The charge that Russia was intervening and that Germany and Italy had intervened only because Russia was doing so sprang up some months later than that; and I do not think there has ever been one iota of evidence for that charge. It became almost a cliché in the mouths of Ministers, when we spoke of intervention by Italy and Germany, to reply that there was intervention on both sides. Our answer was that intervention was official on the part of Italy and Germany and that there was nothing comparable to it on the part of any country on the Republican side. It is rather a pity that now, when the facts about Italy and Germany are known to everybody, because Signor Mussolini and Herr Hitler have boasted of intervention, we should again hear from the Government this unfair charge that there was intervention on both sides from the beginning of the war. I appeal to the right hon. Gentleman either to justify or withdraw his charge. When, at long last, we are drawing closer to Russia, when a pact or alliance with Soviet Russia is under discussion, I think this is an unfortunate time to repeat against Soviet Russia charges for which there has never been one iota of justification.

10.49 p.m.

Mr. Wise

I want to reply, somewhat briefly, to what has been said by the hon. Lady. We have departed some distance from the question originally raised by the hon. and gallant Member for Nuneaton (Lieut.-Commander Fletcher), but it is worth while to recall the real facts of intervention in Spain, which are all well known. Of course, there was intervention on both sides. The 1,400 aeroplanes shot down by the Nationalist forces were not all built in Barcelona, and the 48,000 prisoners of war of foreign extraction in the concentration camps of General Franco before the end of the war had not all appeared in Spain as purists inspired suddenly to go to defend a distressed republic. These are facts as patent as any possible evidence for intervention on the other side.

Miss Rathbone

My point was that intervention, such as it was, was on a very much smaller scale, and it did not take place at the beginning of the war, but only when it was called into existence by the extent of German and Italian intervention. Is the hon. Gentleman prepared to say that these Russian aeroplanes went to Spain at the beginning of the war, or that the Russians ever equalled in number the men sent by Germany and Italy?

Mr. Wise

The hon. Lady has thrown out a perfectly fair challenge as to whether intervention began on the Republican side at the beginning of the war. Not all of us have forgotten that the attack on Madrid was stopped by the International Brigade long before any German or Italian soldiers were sent.

Sir P. Harris

Hitler boasted about it.

Mr. Wise

I do not want to stop the hon. Baronet's permanent indignation, but what we are discussing is a question of dates, and not a question of whether Germans and Italians were in fact there.

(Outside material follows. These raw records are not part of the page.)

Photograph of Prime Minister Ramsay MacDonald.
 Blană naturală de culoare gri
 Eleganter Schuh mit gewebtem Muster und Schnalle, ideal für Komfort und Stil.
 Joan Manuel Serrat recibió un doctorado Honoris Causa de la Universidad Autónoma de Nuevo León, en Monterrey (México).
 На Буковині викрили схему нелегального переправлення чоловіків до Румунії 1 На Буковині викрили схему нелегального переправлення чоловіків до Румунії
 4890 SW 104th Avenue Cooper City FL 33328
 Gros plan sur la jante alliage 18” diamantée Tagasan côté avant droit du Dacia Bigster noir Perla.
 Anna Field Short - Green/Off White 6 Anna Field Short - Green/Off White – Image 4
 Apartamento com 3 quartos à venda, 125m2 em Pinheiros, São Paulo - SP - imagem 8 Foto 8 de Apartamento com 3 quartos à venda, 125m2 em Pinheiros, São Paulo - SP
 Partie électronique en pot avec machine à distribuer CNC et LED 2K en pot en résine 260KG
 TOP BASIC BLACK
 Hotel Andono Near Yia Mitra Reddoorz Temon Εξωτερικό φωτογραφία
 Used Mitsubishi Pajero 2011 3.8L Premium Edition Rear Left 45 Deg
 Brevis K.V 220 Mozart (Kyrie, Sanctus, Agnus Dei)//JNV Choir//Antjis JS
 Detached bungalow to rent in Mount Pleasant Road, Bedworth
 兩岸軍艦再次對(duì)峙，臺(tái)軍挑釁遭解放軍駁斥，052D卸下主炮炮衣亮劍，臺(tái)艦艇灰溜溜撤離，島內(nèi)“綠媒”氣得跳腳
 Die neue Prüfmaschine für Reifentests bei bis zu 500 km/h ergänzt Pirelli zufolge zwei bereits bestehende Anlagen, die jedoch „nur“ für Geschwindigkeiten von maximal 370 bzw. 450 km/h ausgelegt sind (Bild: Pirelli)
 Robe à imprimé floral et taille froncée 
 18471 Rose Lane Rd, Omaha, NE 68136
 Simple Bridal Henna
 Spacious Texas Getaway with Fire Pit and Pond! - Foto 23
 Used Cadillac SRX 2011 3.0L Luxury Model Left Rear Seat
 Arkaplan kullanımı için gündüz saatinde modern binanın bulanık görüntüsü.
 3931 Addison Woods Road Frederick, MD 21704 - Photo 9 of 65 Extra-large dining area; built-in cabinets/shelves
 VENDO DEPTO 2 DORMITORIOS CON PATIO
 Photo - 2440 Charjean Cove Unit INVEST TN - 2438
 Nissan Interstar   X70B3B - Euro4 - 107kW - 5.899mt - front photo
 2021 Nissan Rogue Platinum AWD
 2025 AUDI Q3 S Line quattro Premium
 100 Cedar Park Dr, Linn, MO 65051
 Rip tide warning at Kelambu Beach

All I say is that the International Brigade stopped the attack on Madrid before either Germans or Italians were sent.

Mr. Pritt

The hon. Member in discussing intervention does not suggest that the arrival of the International Brigade— British, Czechs, Frenchmen, and so on— at Madrid constitutes intervention by the Governments of Great Britain, France, Czecho-Slovakia?

Mr. Wise

The hon. and learned Gentleman's mind is of a becoming subtlety, but really he must understand that the Government of Russia is an authoritarian Government.

Mr. Pritt

There were no Russians in the International Brigade there.

Mr. Wise

Really that is the point in dispute.

Mr. Vernon Bartlett

As the only Member of this House here to-night who was in Spain two months after the civil war broke out, and before the attack on Madrid, I would like to say that I at that time visited every town of any size on the Spanish Government's side, and I went to the Toledo front and the northern front, and the only Russian I met the whole time was Mr. Rosenberg, and at the same time I did spend a considerable amount of time behaving in a rather undignified way when these large Italian and German bombers came over with their machine guns.

Mr. Wise

The fact that the hon. Gentleman met only one Russian is not indisputable proof that there were no other Russians there. The same argument might probably apply if the hon. Member met only 2,000 or 3,000 Spaniards, but I believe there were rather more than that. But the fact is, I think, fairly well accepted that there was, of course, intervention on both sides.

Sir P. Harris

Did the English Government intervene then?

Mr. Wise

We are not discussing the question of whether the English Government intervened. The fact that Russian mechanics and Russian airmen went to Spain, and went there on a very consider able scale—

Mr. Pritt

When?

Mr. Wise

—during the course of the civil war is a clear indication that the Russian Government were well aware of what they were doing, and, indeed, encouraging them to do it. We cannot on this side of the Housebelieve—in spite of the legal subtlety of the hon. and learned Member for North Hammersmith (Mr. Pritt) and the ingenuity of the hon. Member for Bridgwater (Mr. Bartlett) and the enthusiasm of the hon. Lady the Member for the English Universities (Miss Rathbone) —that the Russian Government is so incompetent that, with its magnificent police service, it has no control over the movements of its own nationals.

Mr. Pritt

Nobody suggested that. They openly announced what they were going to do, and the only question was, when?

Mr. Wise

The question is now one which might very well be left to the past. The Spanish civil war is over, and the main task of this country to-day is to endeavour not to go too far in antagonis- ing the Government of Spain. The people of Spain are our friends. The last time we quarrelled seriously with them was at the Battle of Trafalgar, and that was against the wishes of the bulk of the Spanish people. Surely it would be much better that we should devote ourselves now to a serious effort to improve relations between this country and the Government of Spain. They are, first, an important friend, and they might be a very inconvenient enemy. In the same way, it is possibly only right that we should endeavour, as far as possible, to cultivate friendly relations with every other Power on the Continent of Europe. To bicker now about whether war material was left behind after the Italian troops were withdrawn from Spain or whether it was not is really unnecessarily straining the relations which are not nearly friendly enough between our two countries. Let us at least be delighted that the Italian troops have been withdrawn from Spain, and let us remember that hon. Members opposite spent their time assuring us that they never would be. The policy of His Majesty's Government, tempered by the restraint that has been shown, has been amply justified by the result.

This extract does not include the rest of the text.